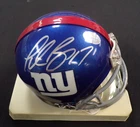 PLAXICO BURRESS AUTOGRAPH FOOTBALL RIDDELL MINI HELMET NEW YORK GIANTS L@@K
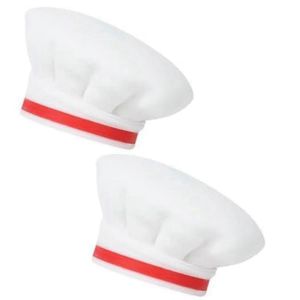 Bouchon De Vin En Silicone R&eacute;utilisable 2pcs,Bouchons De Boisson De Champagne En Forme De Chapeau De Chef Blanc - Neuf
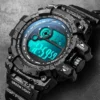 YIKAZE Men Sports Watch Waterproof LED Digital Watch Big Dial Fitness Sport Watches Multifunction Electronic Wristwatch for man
---
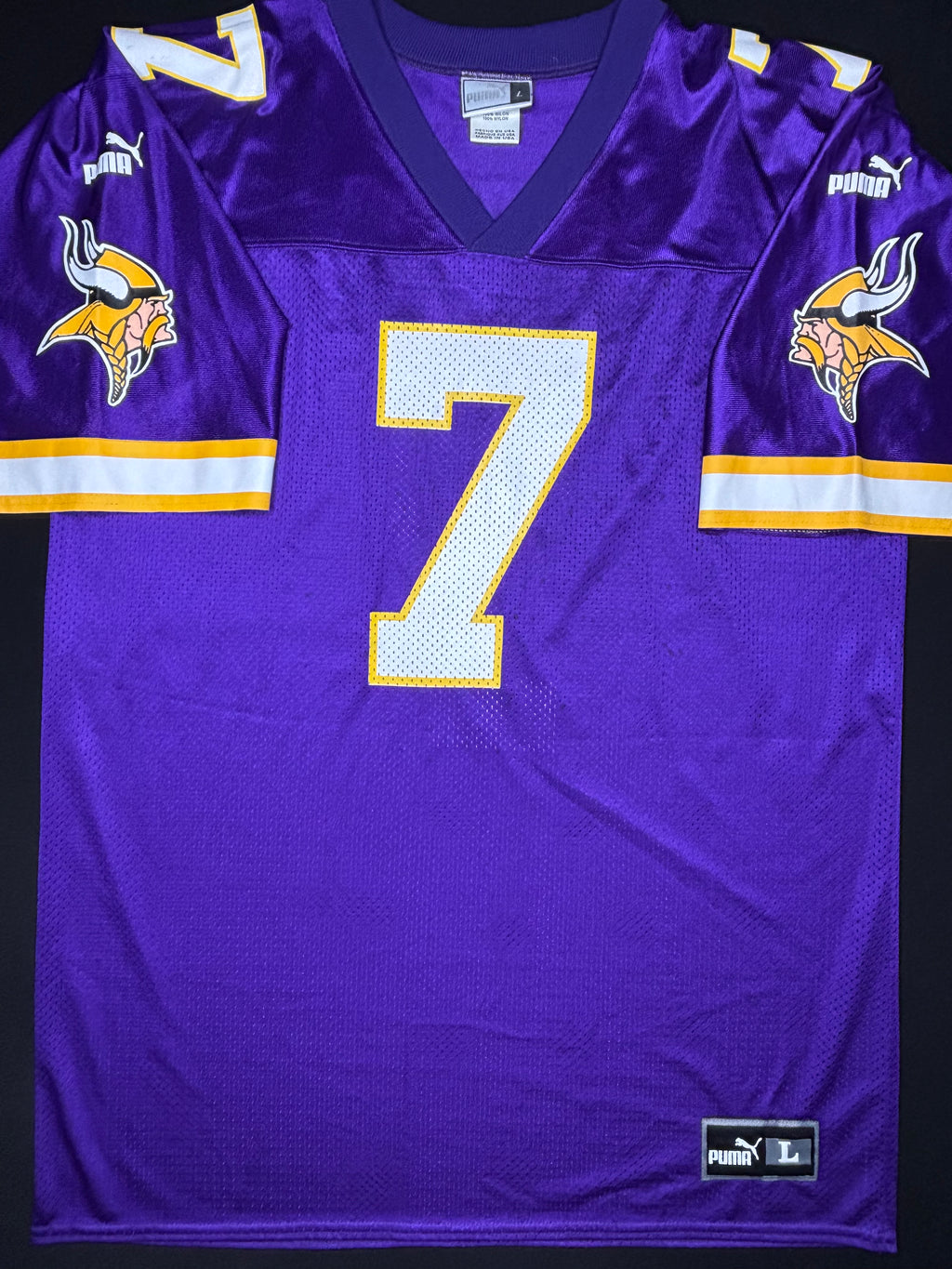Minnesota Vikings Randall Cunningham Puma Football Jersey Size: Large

**Task statement:**
What are the lines above from the one with "PLAXICO BURRESS AUTOGRAPH" to the one with "YIKAZE Men Sports", both included? Reproduce them exactly, without pictures.

**Answer to this problem:**
 PLAXICO BURRESS AUTOGRAPH FOOTBALL RIDDELL MINI HELMET NEW YORK GIANTS L@@K
 Bouchon De Vin En Silicone R&eacute;utilisable 2pcs,Bouchons De Boisson De Champagne En Forme De Chapeau De Chef Blanc - Neuf
 YIKAZE Men Sports Watch Waterproof LED Digital Watch Big Dial Fitness Sport Watches Multifunction Electronic Wristwatch for man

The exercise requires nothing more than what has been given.